Não há dúvidas de que os crimes, de maneira geral, devem ser investigados sobretudo pelo poder público, especialmente quando na intenção de atribuir culpa, prender e até restringir a liberdade dos cidadãos. No entanto, para não persistir a dúvida, o objetivo último do compliance é, resumidamente, outro: defender a reputação da empresa e dos seus stakeholders através do fortalecimento de uma cultura da ética e da integridade, da implementação de medidas preventivas, da realização de investigações proativas e de ações reativas para mitigar os efeitos resultantes das práticas indevidas e efetuar constantes melhorias internas.

            Para elucidar a questão, veja-se que a tendência mundial aponta para a responsabilização das pessoas coletivas pelos crimes cometidos no âmbito dos negócios[5], isto é, ultrapassando a figura humana dos administradores, a não ser que praticados contra regulamentos e determinações expressas[6].

            Assim, ao ser constatada a prática de crimes, como os ligados à corrupção, a empresa deverá ter condições de provar aos órgãos responsáveis e à polícia judiciária que implementou mecanismos suficientes para a sua prevenção e demonstrar que agrega revisões e melhorias continuamente em seu programa de compliance, ou seja, a empresa deverá demonstrar que procurou sarnas para se coçar e não as encontrou; ou melhor, que o compliance fez tudo o que poderia ter sido feito para evitar tal conduta ilícita.

            É evidente que não há como interferir na motivação ou na racionalização íntimas do indivíduo.

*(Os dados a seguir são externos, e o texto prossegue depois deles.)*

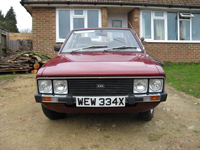 22 1982 hyundai pony gls icon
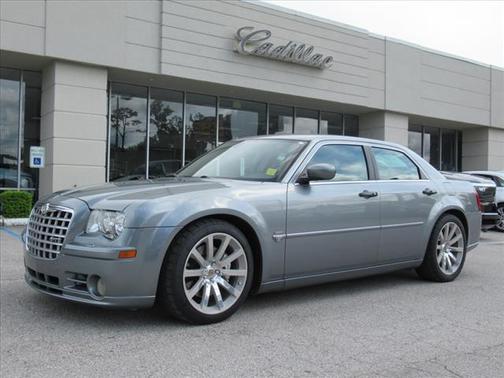 2006 Chrysler 300C SRT-8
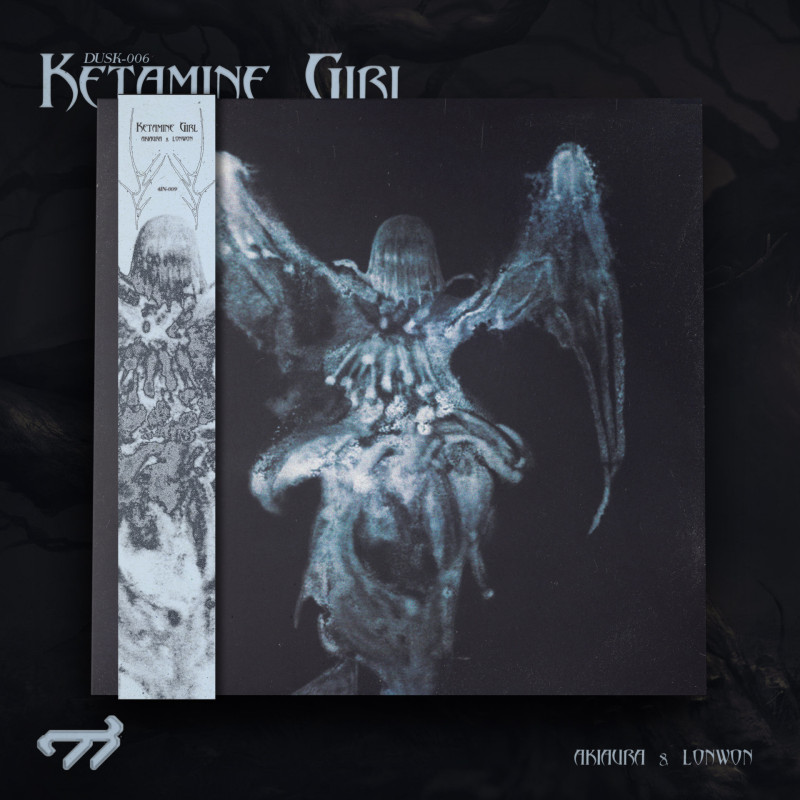 akiaura & LONOWN : Ketamine Girl (Special Edition)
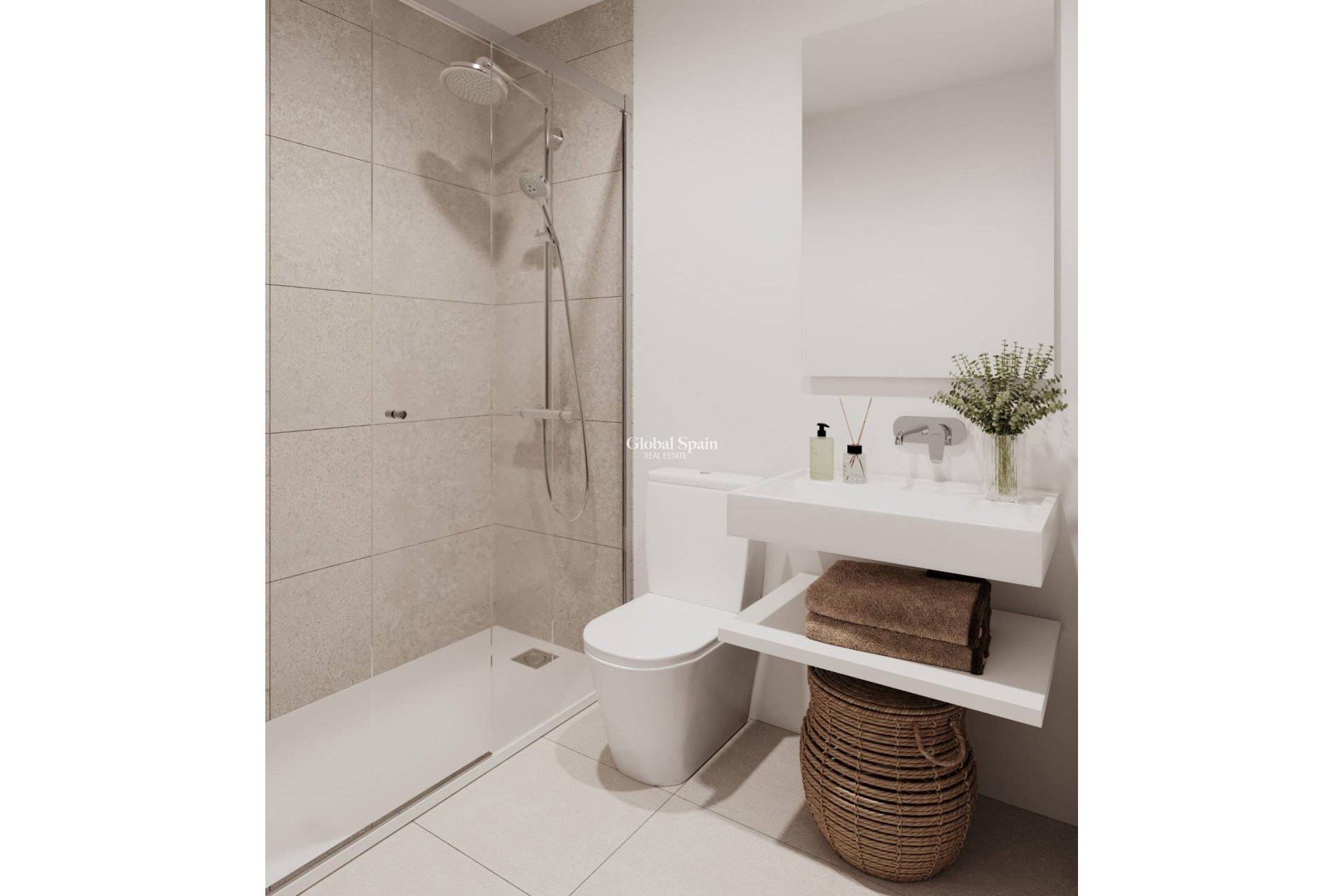 Neubau - WOHNUNG -
ESTEPONA - Cancelada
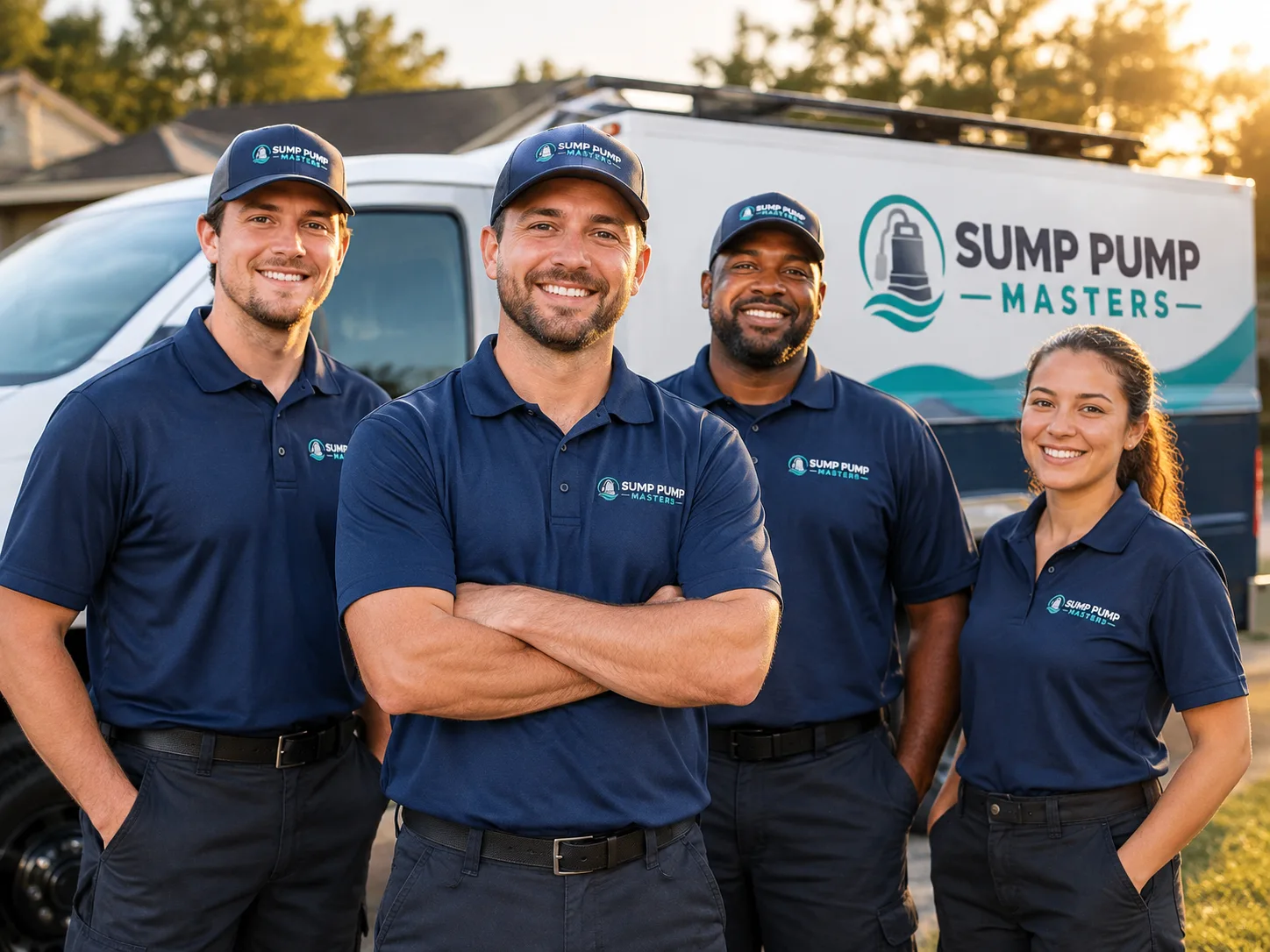 Sump Pump Repair company in Sanger, TX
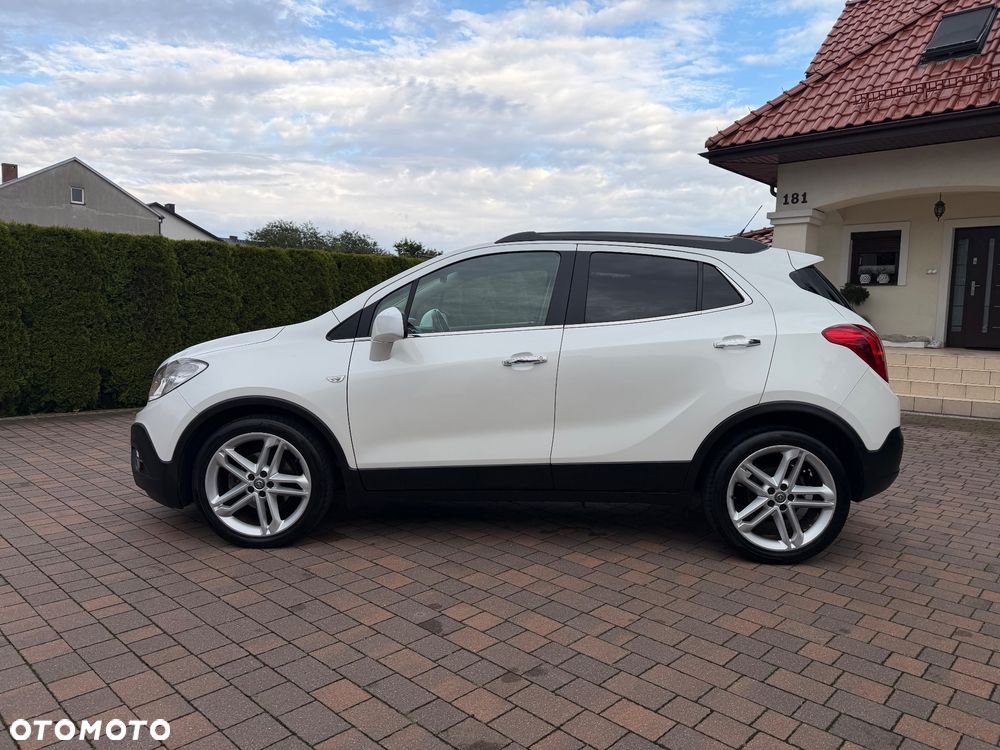 Opel Mokka 1.4 T Cosmo - 2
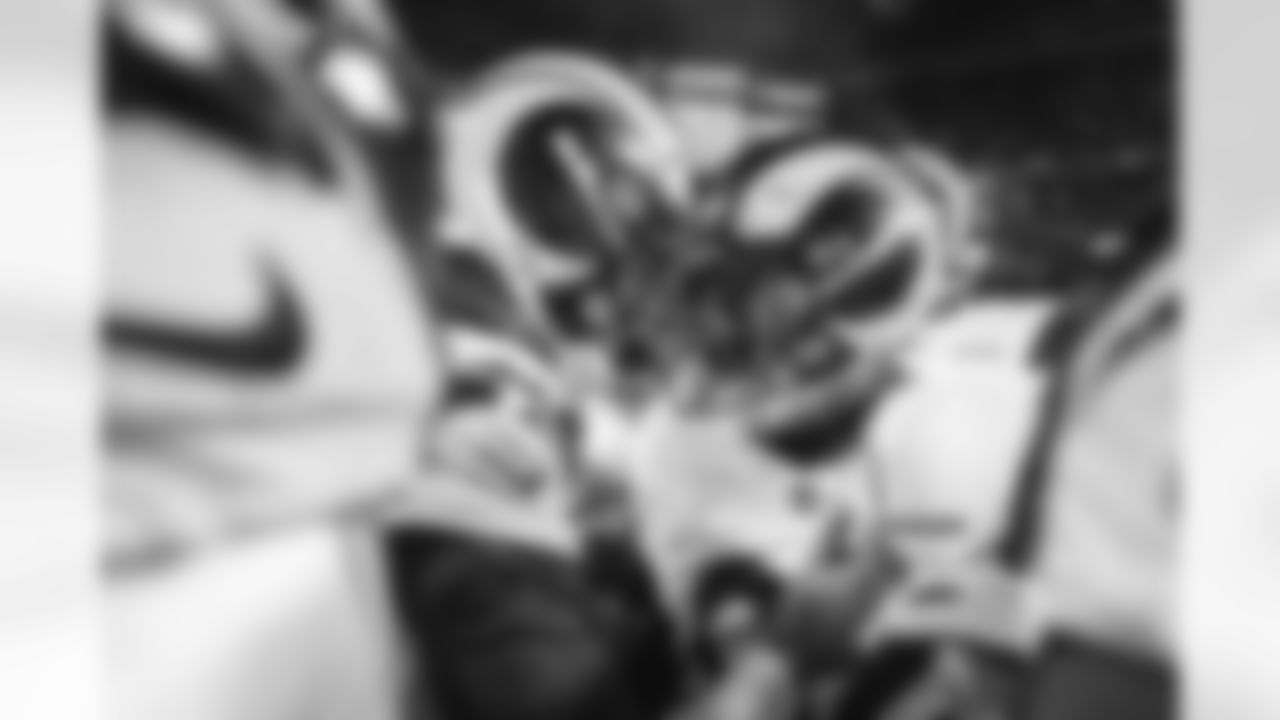 The Los Angeles Rams take on the Chicago Bears in the divisional round of the 2025 NFL post season.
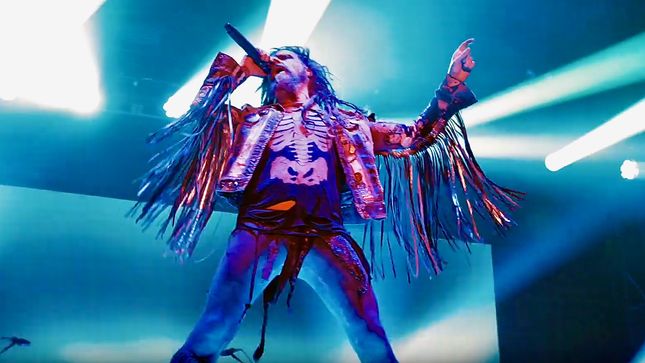 ROB ZOMBIE, SLIPKNOT, GOJIRA, LAMB OF GOD, CLUTCH, And Others Featured In Aftershock 2019 Day-By-Day Recap Videos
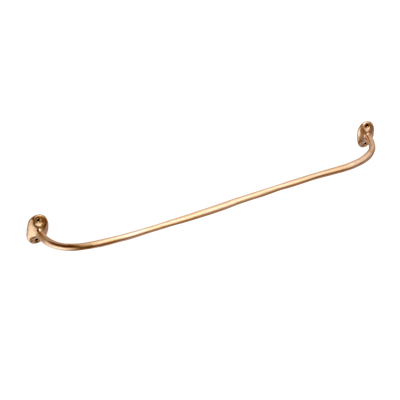 Armac Martin Sketch Kitchen Towel Rail in 705mm / Silicon Bronze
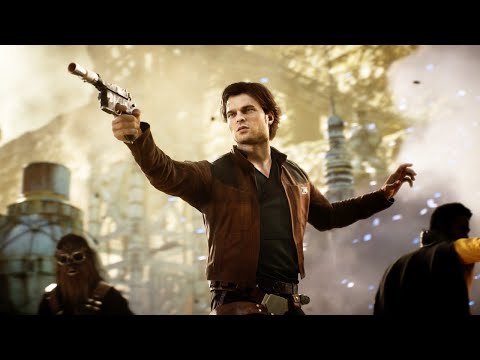 Star Wars Battlefront 2: Han Solo Season 2 Content Trailer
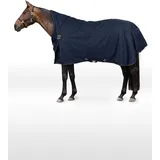 Horze Avalanche Regendecke, 0g, Blau, 145 - Blau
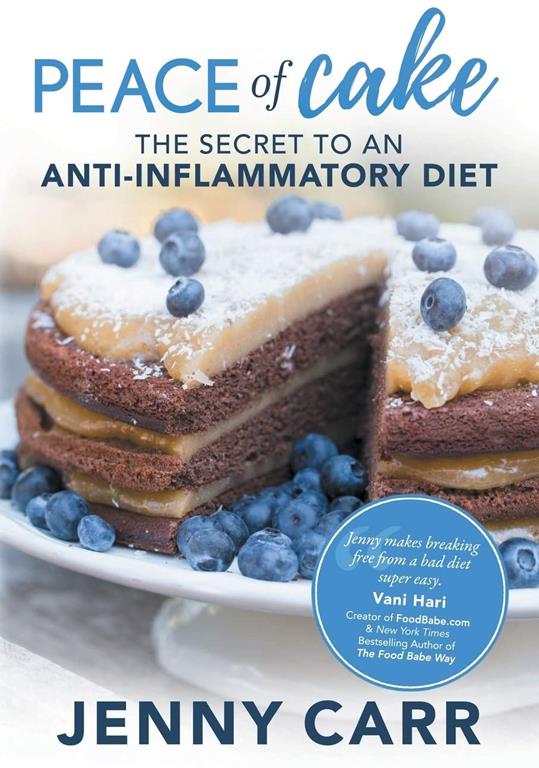 PEACE of Cake: THE SECRET TO AN ANTI-INFLAMMATORY DIET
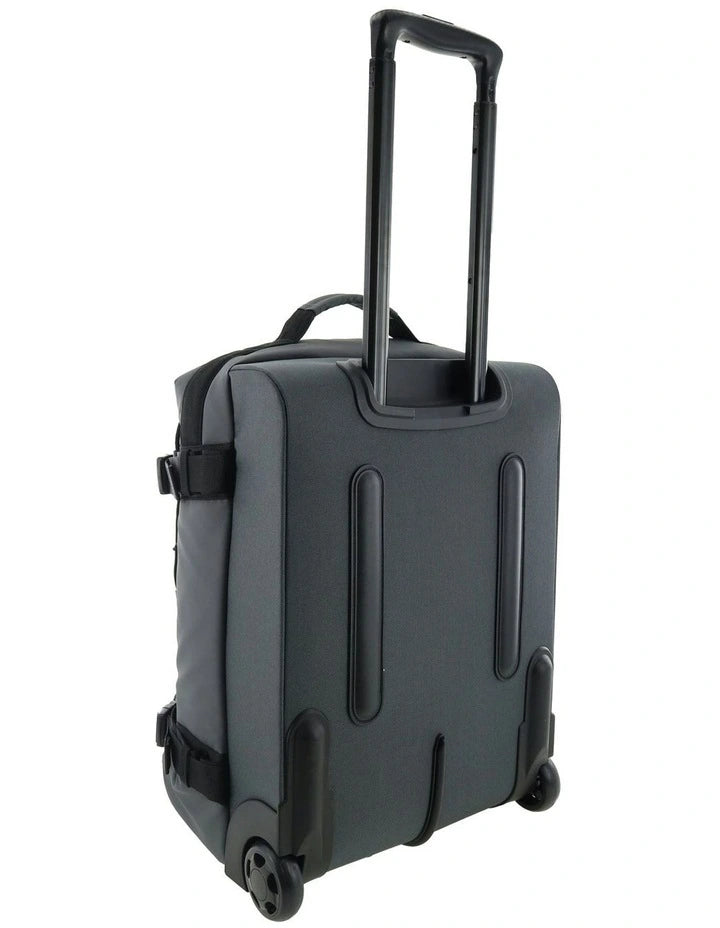 GAP -41C 62cm Medium upright 2 Wheel trolley Duffle- Charcoal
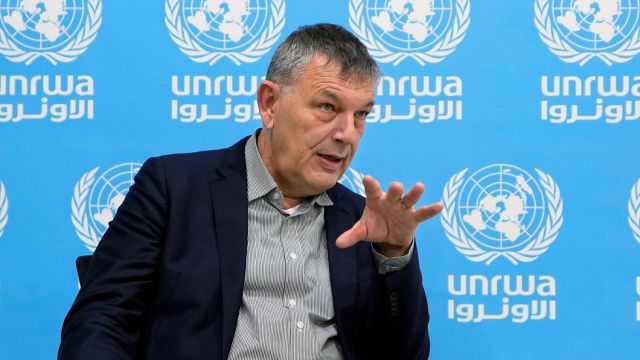 أونروا... تعليقاً على جريمة الاحتلال الصهيوني بحق 6 إعلاميين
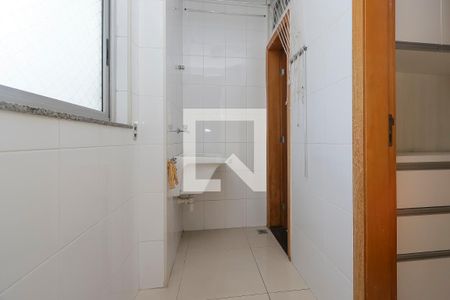 Apartamento para alugar com 100m², 2 quartos e 2 vagasÁrea de Serviço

Porém, caso o tone at the top esteja alinhado com um programa de compliance efetivo, estarão os colaboradores vacinados contra a corrupção e o elemento “oportunidade” estará abastadamente restrito. Como resultado, o compliance se mostrará capaz de reduzir a exposição a riscos por prevenir falhas negligentes ou dolosas no cumprimento das normas e retornará positivamente na retrospetiva de fim de ano, assim como na descoberta de oportunidades e negócios mais saudáveis a desenvolver adiante.

            Então, da mesma forma que a falta de informação pode vir a significar a redução da sobrevida humana, analogamente, também poderá restringir a continuidade do organismo empresarial, dos empregos que mantém, dos contratos assinados, dos dividendos prometidos, e, claro, da sua boa reputação, após incorrer em multas milionárias, em restrições de contratar com o poder público, até em graves sanções e embargos internacionais. Catástrofes estas já há muito anunciadas que se resolvem com análises, investigações internas, vacinas, coceiras e… compliance.

Escrito por:

Rodrigo Mota Jorge

Advogado | Investigador de Compliance

Mestrando em Direito | Universidade NOVA de Lisboa

Colaborador do NOVA Compliance Lab

e-mail: rodrigomotajorge@gmail.com


[1]    Entrevista publicada na revista “Rolling Stone”, edição RS74, 1st Section, de 21 de janeiro de 1971.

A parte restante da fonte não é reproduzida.